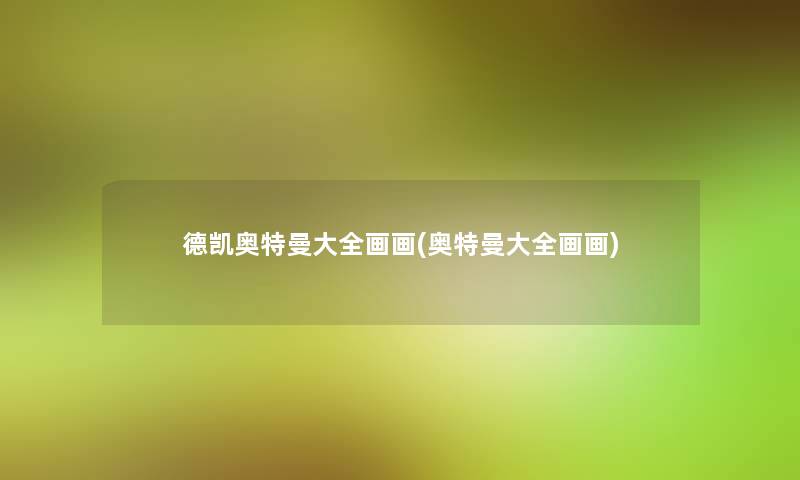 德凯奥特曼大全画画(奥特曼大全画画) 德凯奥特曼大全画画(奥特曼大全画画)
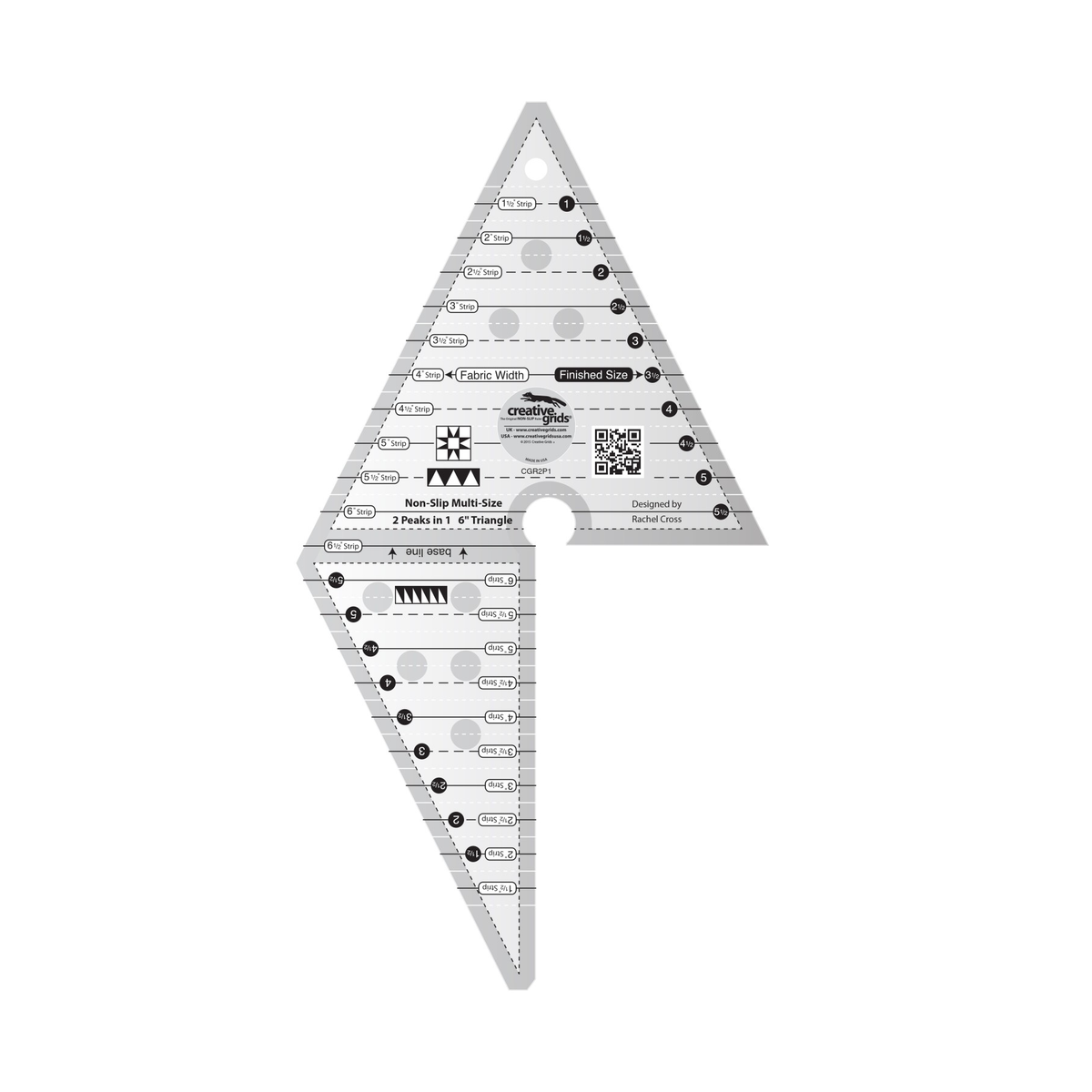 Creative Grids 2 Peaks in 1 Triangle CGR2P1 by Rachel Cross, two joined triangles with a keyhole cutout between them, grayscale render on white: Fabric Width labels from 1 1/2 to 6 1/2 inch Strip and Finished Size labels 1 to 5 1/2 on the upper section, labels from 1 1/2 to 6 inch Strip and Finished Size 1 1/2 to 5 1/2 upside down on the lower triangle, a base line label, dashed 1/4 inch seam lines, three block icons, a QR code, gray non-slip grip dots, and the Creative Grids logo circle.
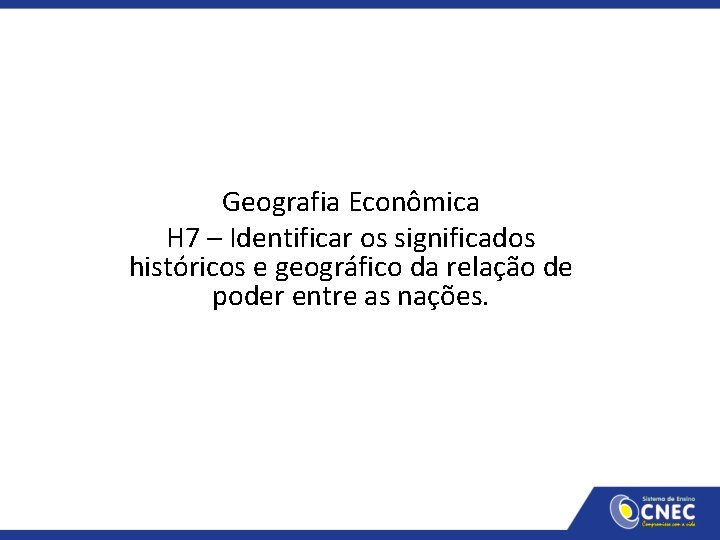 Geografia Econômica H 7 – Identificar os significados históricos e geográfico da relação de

——

Exercise. The answer should contain every line of the material exactly as written and no pictures.

Task answer.
 德凯奥特曼大全画画(奥特曼大全画画) 德凯奥特曼大全画画(奥特曼大全画画)
 Creative Grids 2 Peaks in 1 Triangle CGR2P1 by Rachel Cross, two joined triangles with a keyhole cutout between them, grayscale render on white: Fabric Width labels from 1 1/2 to 6 1/2 inch Strip and Finished Size labels 1 to 5 1/2 on the upper section, labels from 1 1/2 to 6 inch Strip and Finished Size 1 1/2 to 5 1/2 upside down on the lower triangle, a base line label, dashed 1/4 inch seam lines, three block icons, a QR code, gray non-slip grip dots, and the Creative Grids logo circle.
 Geografia Econômica H 7 – Identificar os significados históricos e geográfico da relação de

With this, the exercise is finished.